On the confirmed belief that to err is human, to forgive divine, I can easily forgive her. Nonetheless, I have to add that whereas Becky Shaw may have been overrated, Can You Forgive Her? hardly calls for any rating. It earns polite dismissal with a sincere wish for better luck next time.
What goes on? When Russell H. Champa’s lights rise on Allen Moyer’s representation of a modestly appointed New Jersey beach home, Tanya (Ella Dershowitz) is returning from her bar job in a colonial costume. It’s Halloween, but it looks as if she’s regularly required to climb into the get-up, and to apply rouge circles to her cheeks.
Tanya is determined to confront her boyfriend, Graham (Darren Pettie). She loves him, just as he loves her, but she’s also decided that she can’t accept his marriage proposal. Graham interrupts the carefully written speech she’s given, but she still makes the point that as a single mother raising an unseen daughter, she wants to marry a man with money and a career, not a twice-divorced, unemployed man.
Actually, Graham does have a job. The problem is that he’s left it, perhaps temporarily, in order to sell the house of his recently deceased mother, where awaiting him are boxes of papers to go through, on which he’s made no progress.
So Gionfriddo assigns her first scene to Tanya’s demand that Graham tackle the papers and renovate the property in preparation for either selling it or turning it into a guesthouse. Graham, still intent on getting Tanya to marry him — or even to live with him — says he’ll do as she wants. She may believe him as the scene ends, but we don’t.
When the second scene begins, it’s later on Halloween and Graham is entering that house with Miranda (Amber Tamblyn), looking sexy in Victoria’s Secret black.

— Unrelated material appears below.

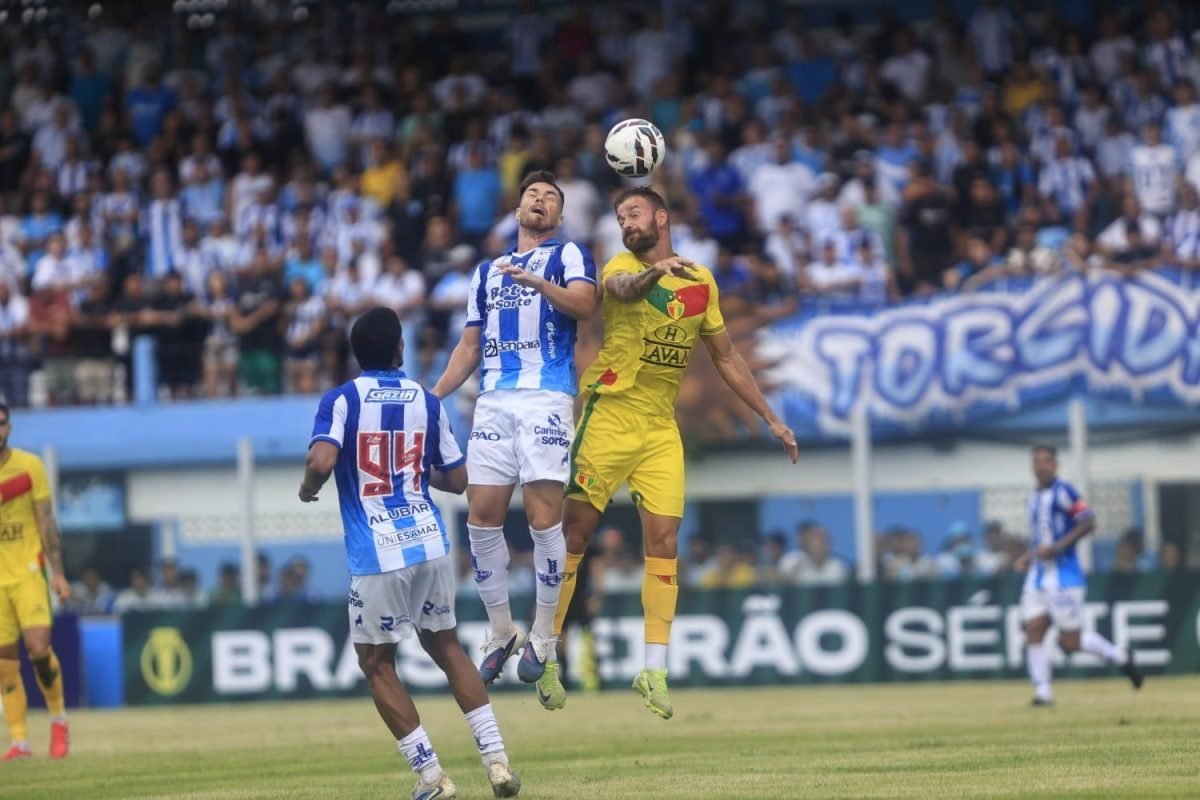 tunidades no primeiro tempo, mas não foi efetivo, porém, quando o Paysandu conse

She explains that she’s in costume — a sexy witch. While clearly putting the moves on Graham and denying that she’s a hooker, she gabs all about raising the ire of a man who we meet much later — Sateesh (Eshan Bay), who she brought down to the Jersey shore with her and who is now in possession of a set of her knives that were left in his car.
Is anyone getting this? Tanya appears, catching Miranda and Graham dancing close, but only briefly is she riled. Filthy rich David (Frank Wood) then knocks on the door. He’s another man that Miranda has hooked into supporting her financially, though in his case he’s still married to his understanding wife.

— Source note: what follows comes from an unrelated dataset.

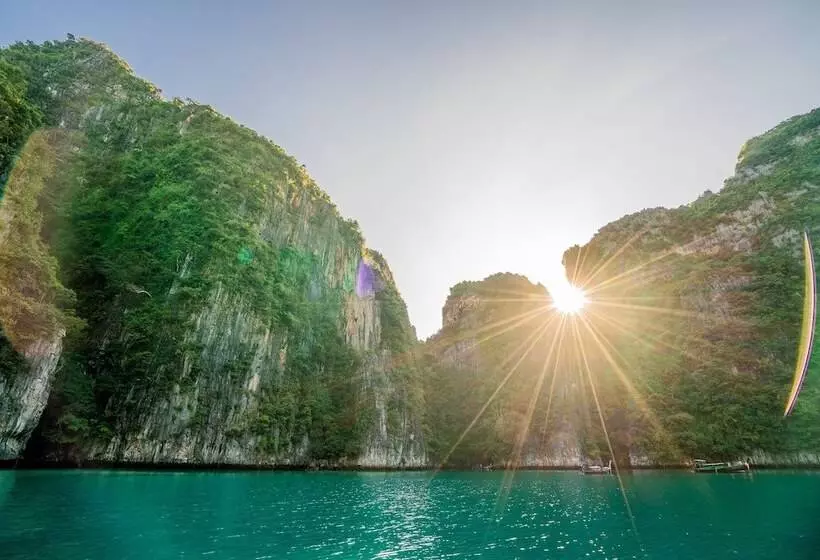 Отель Phi Phi Anita Resort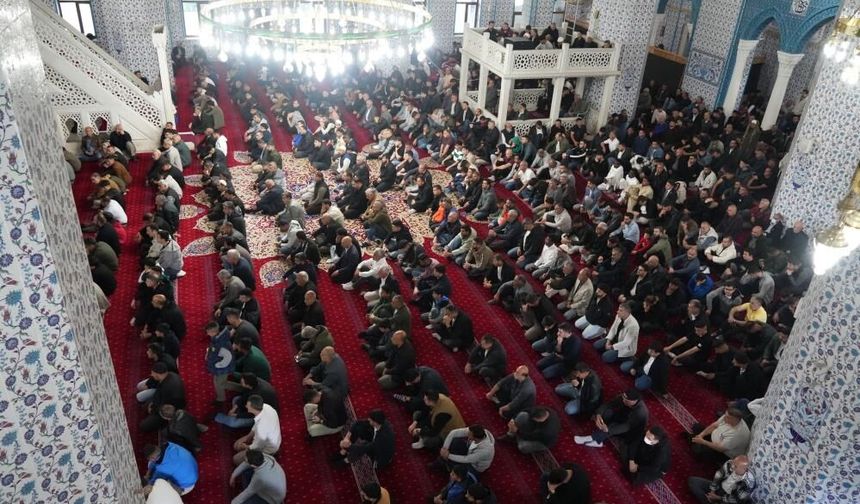 İlk Bayram Namazı Hangi Şehirde Kılındı?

As these four characters badger each other — and drink themselves into blurred booziness — everything they say seems calculated to get someone else’s goat. Then there’s the worry that Sateesh will figure out where Miranda is and attack her with those knives.

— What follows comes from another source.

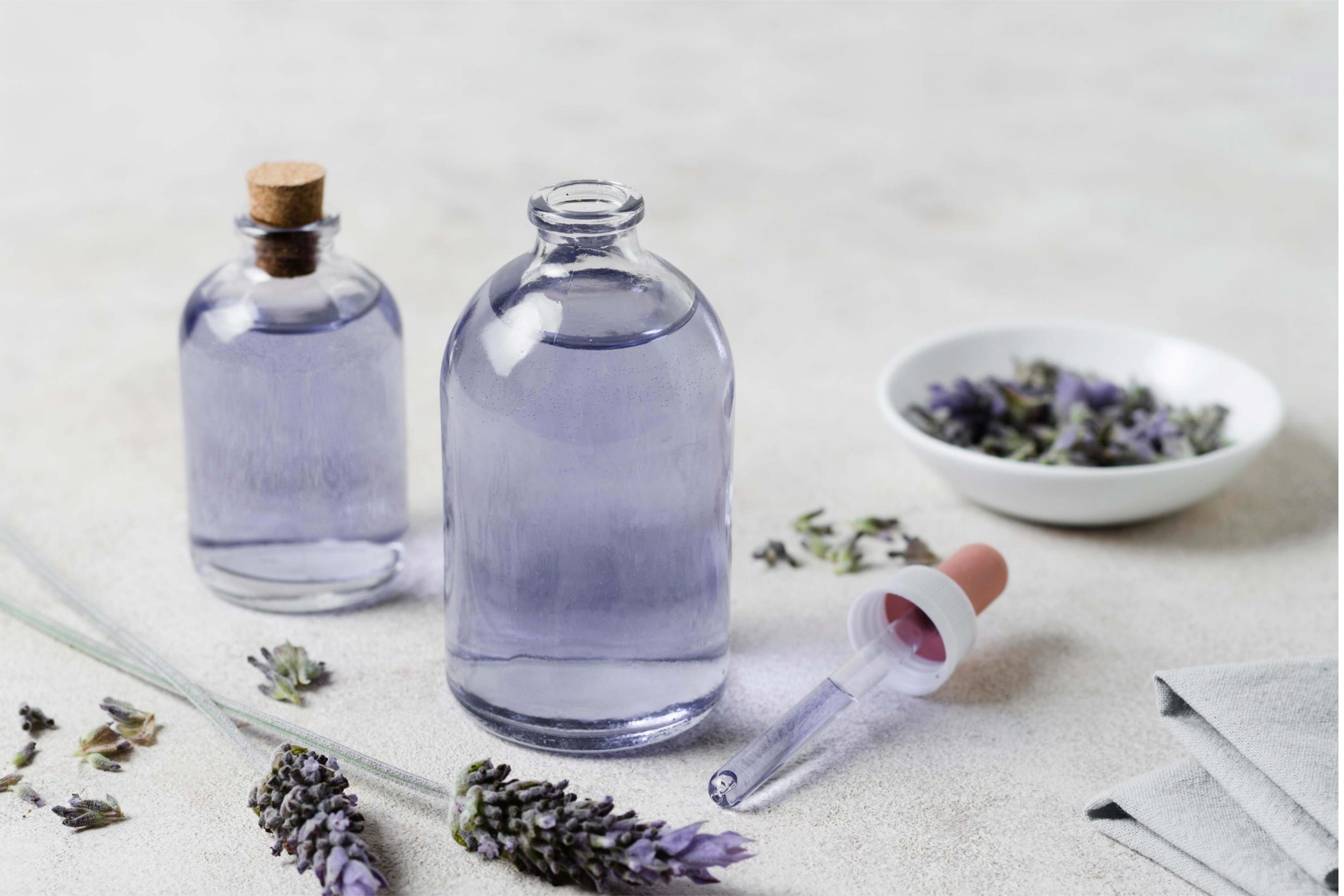 Lavender Oil Benefits For Skin and Hair and Ways to Use it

Does he? That’s for me to know and you to find out. Also know that as DuBois directs this contentious foursome like bibulous chess pieces, the dialogue — covering bad mothers, costumes, divorces, and what does and doesn’t constitute prostitution — makes little sense and becomes increasingly tiresome before the denouement ascends (descends?) after 95 or so attenuated minutes. It’s a more benign finale than I think Gionfriddo intended, but who’s going to argue with a happy ending? If that’s what it is.
But whereas such palaver may not make sense to most audience members, perhaps some subscribers to the Vineyard are ardent Trollope fans. If so, they’ll know that Trollope’s opening Palliser opus concerns three women and the men with whom they’re inclined to make what the Brits would call misalliances. Gionfriddo trims the sprawling Trollope plot to two matches not necessarily made in heaven but, all the same, she’s intent on honoring her industrious predecessor by attracting Tanya to one poor bloke and by dangling a well-heeled one in front of Miranda.
The play, however, is still a Trollope travesty. When material is so unmoored, audiences may wonder if the actors suspect that what they’re saying and doing is as bad as it is. I may be wrong about this, but I thought the performances were not so much over-the-top as misshapen, the result of a shared attempt to make their individual and collective assignments more palatable or understandable.
As for the all-too-visible lapse of director DuBois — whose day job is serving as artistic director of Boston’s Huntington Theatre Company, where Can You Forgive Her? debuted — his loyalty to the playwright is understandable but not really acceptable. If this is vanity, it’s unfair.